Figure 1. Shivers monument. Woodlands Cemetery, Philadelphia, PA. Photo: author.

The 1850 Thomas Shivers monument in Woodlands Cemetery in Philadelphia, Pennsylvania, offers a good example of mid-nineteenth century Gothic revival architecture. While there were many styles available to monument builders, the Gothic appealed to those who sought to emphasize a specifically Christian look as opposed to styles derived from Egyptian, Classical, or Islamic revivals.

Marble, in its last decades of predominance before granite began to systematically replace it, has been employed in the upper parts of the monument; unfortunately, it is of a type that has been attacked severely by the elements. My work here is to get the inscriptions down before they become illegible.

Figure 2. Shivers monument, detail of inscription. Woodlands Cemetery, Philadelphia, PA. Photo: author.

A TRIBUTE OF AFFECTION
TO A BELOVED HUSBAND
THOMAS SHIVERS.
BORN IN SOUTH CAROLINA
NOV. XVI MDCCLXX,
DIED IN PHILADELPHIA
JUNE VIII MDCCCL.
A VOICE FROM HEAVEN WHISPERS
DRY THY TEARS; THE PURE IN HEART
SHALL MEET AGAIN.

The verses at the bottom are from the Reunion in Heaven of abolitionist William Leggett (1801-39). The poem was published posthumously in the 19 May 1841 edition of Signal of Liberty, an anti-slavery paper published in Ann Arbor, Michigan (figure 3).

Figure 3. William Leggett, Reunion in Heaven. Signal of Liberty, 19 May 1841. Public domain. Image by Ann Arbor District Library.

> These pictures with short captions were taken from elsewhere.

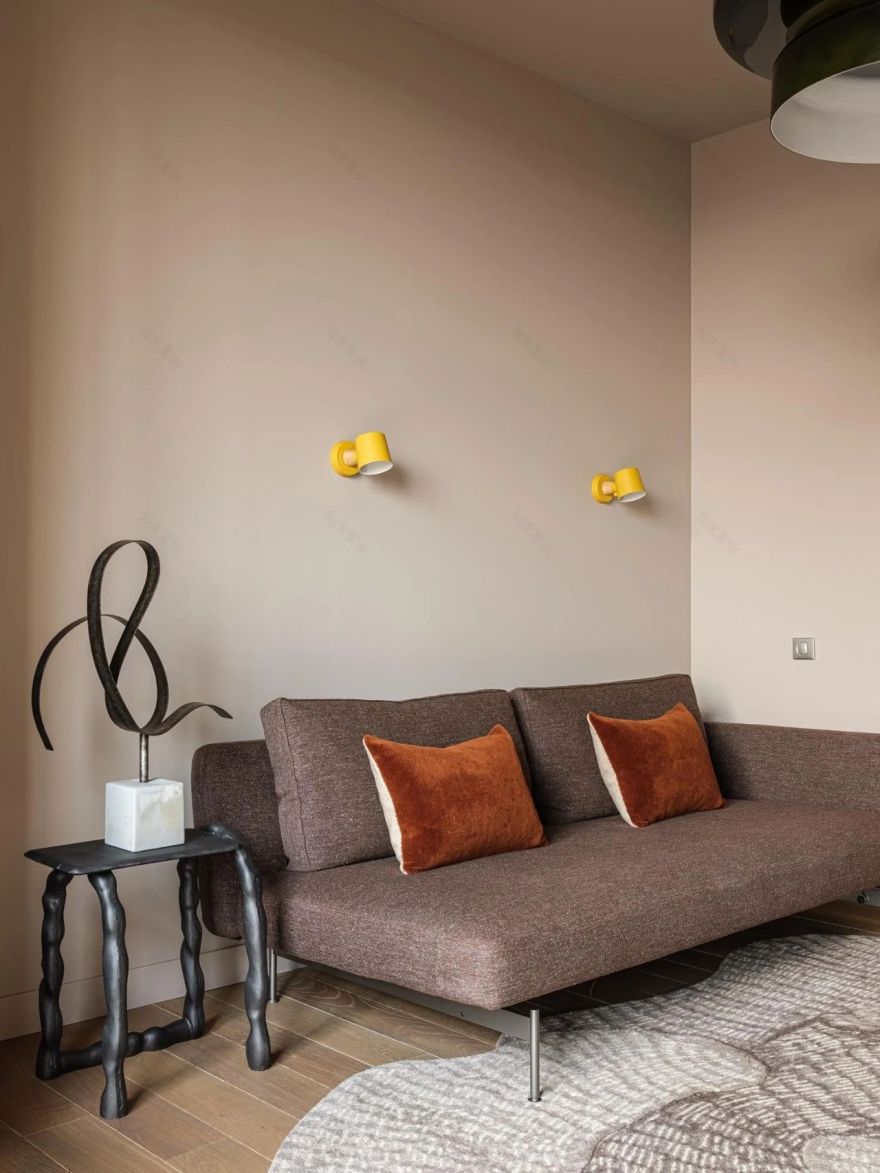 140㎡色彩空间丨Yulia Russkikh-12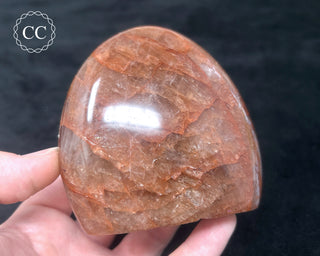 Hematoid Quartz | Fire Quartz Freeform #3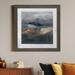 Mercer41 Mountains in the Mist III - Picture Frame Painting Print on Paper in Gray | 21 H x 21 W in | Wayfair 77A1E37BB266472AA4F37BF254A569F0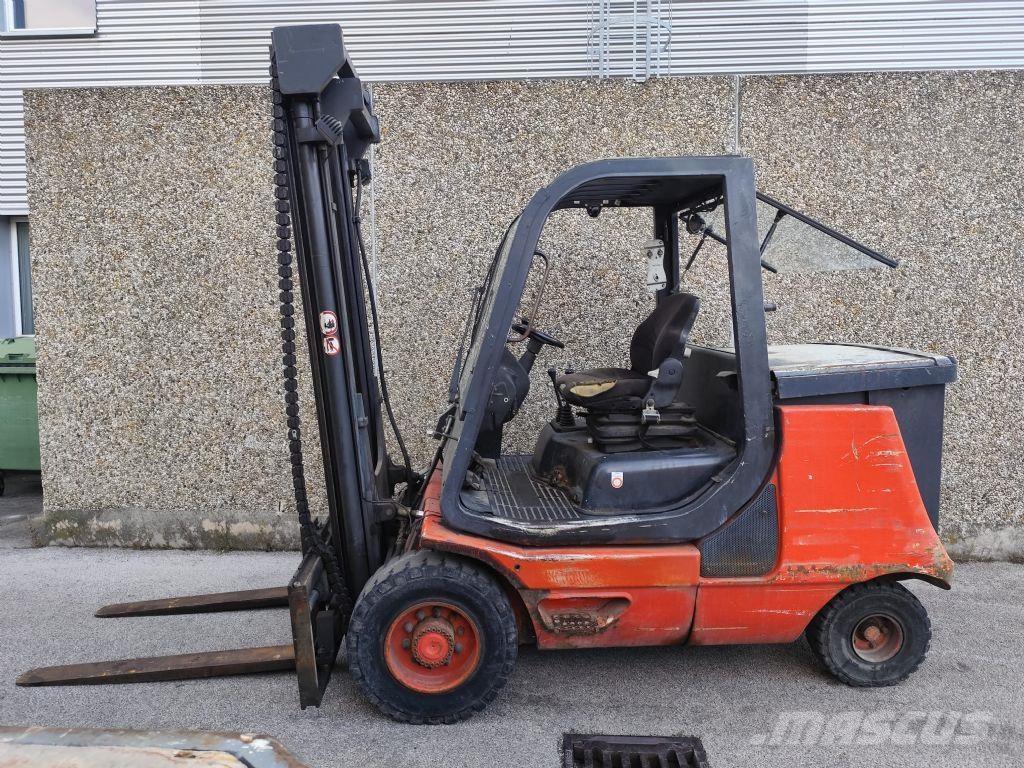 Linde E40P Elektrische heftrucks
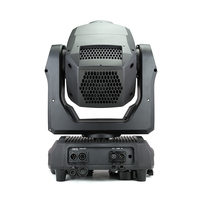 Projecteur laser professionnel DMX Sharpy GBR-FJ120P 120W IP65 pour extérieur, écran LCD, 5 boutons, contrôle 16 canaux, en aluminium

If the poem was published elsewhere, I’ve not yet found it; but I doubt that Philadelphia burghers took the Signal of Liberty. How, then, did these verses end up on Shivers’ monument? From the poem? Educated people did in fact read poetry and commit it to memory then; even my grandmother, who was born in the wilds of North Dakota half a century after Shivers died, had much nineteenth-century poetry in her head (especially Tennyson). The subject matter of the poem was much on the mind of the mid-Victorians, as Drew Gilpin Faust shows in another context in This Republic of Suffering; we might well imagine the poem being snipped out of a paper and saved.

But I think it more likely that Shivers’ commemorator took the verses already excerpted from one of the numerous pamphlets published by undertakers with suitable verse for tombstones. As I have written elsewhere, just because an epigram is a cliché doesn’t mean it wasn’t heartfelt.